--- START ---
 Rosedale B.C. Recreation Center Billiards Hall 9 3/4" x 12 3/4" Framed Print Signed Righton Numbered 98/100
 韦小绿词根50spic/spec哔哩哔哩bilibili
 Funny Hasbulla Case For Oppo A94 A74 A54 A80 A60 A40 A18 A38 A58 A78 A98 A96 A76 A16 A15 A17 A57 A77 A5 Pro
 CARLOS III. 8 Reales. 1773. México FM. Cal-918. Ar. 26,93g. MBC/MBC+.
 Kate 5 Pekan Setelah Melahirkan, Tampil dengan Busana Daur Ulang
--- END ---
WHAT YOU SHOULD DO:
An exact copy is required of each line from the one containing "CARLOS III. 8" through the last line of the material, and of no other line.

RESPONSE:
 CARLOS III. 8 Reales. 1773. México FM. Cal-918. Ar. 26,93g. MBC/MBC+.
 Kate 5 Pekan Setelah Melahirkan, Tampil dengan Busana Daur Ulang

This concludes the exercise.